Others have mentioned the issues with the human body leaving dead skin, hair, sweat and the like everywhere, but there is actually a great example of this problem on earth: Nudists.
Nudists are generally expected to carry a small towel or similar to sit on, because a lack of underwear creates hygiene issues. Also as people get older they tend to leak more.
It's somewhat manageable on earth where there are a limited number of places people are likely to sit and they can be cleaned, but even so towels are often mandatory. In space, with low/zero gravity, cramped quarters...
Spacers are an independent bunch and will happily float around with parts flapping in the breeze.
Earth governments, in an attempt to maintain control over the spacers who are out of their physical control range outlaw any activity that could be part of a budding "spacer culture".
Thus, Earth mandates a number of really inefficient and downright inconvenient methods just to enforce Earth culture on the spacers.

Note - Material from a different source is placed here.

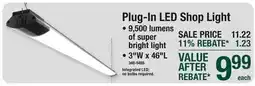 Menards Plug-In LED Shop Light offer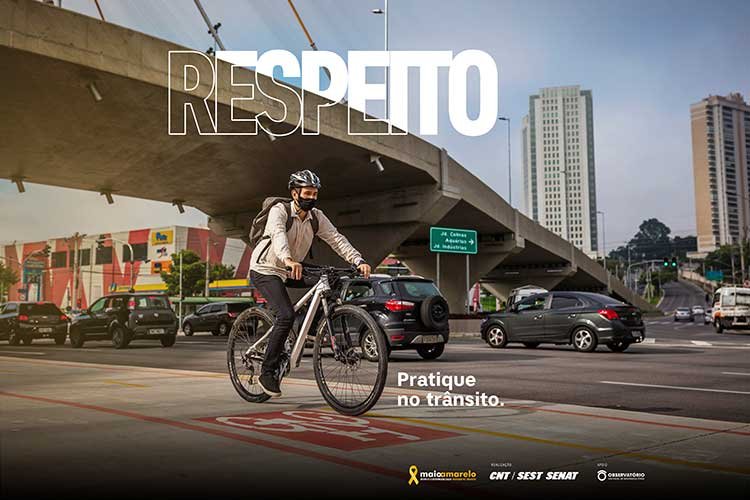 Maio Amarelo: no trânsito, respeito e responsabilidade são necessários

Maybe any entertainment watched must contain ads that are used on Earth. Those ads would have nothing that the spacers could get or even use in space but they are part of the attempted enforced culture.
Also, new words would have to be approved by Earth (i.e. France).
They could have "culture ministers" who travel to make sure that no group behaviors are forming which would lead to independent thoughts.
If you've ever been to space, you'd know that there is no such thing as still air in the kinds of environments humans can function in. Without gravity and weather to ensure the constant mixing of atmospheric gases, pockets of noxious carbon dioxide would quickly envelope the head of anything that breathes. As a result, the environmental systems in micro-gravity habitations need to be constantly forcing air circulation. That ends up with a constant breeze blowing over your skin, which most people find discomforting, and with long-term consequences both to the creature's integument and to the environmental systems that collect off-cast detritus.
It's not hard to see how a constant need to cover up because of chronic environmental and health reasons could morph into a social prohibition on nudity. Of course, there's always that one guy....
Because space stations get a lot of mold (the ISS does – https://space.stackexchange.com/questions/2143/where-should-i-look-in-iss-to-find-mouldy-food), and food is never fresh, and water is recycled. This means sometimes there's nasties in the food or water.
This occasionally means people get diarrhoea.
Ever since the first station-wide outbreak of diarrhoea in zero-g, everyone agreed that keeping your pants on whenever possible was for the best.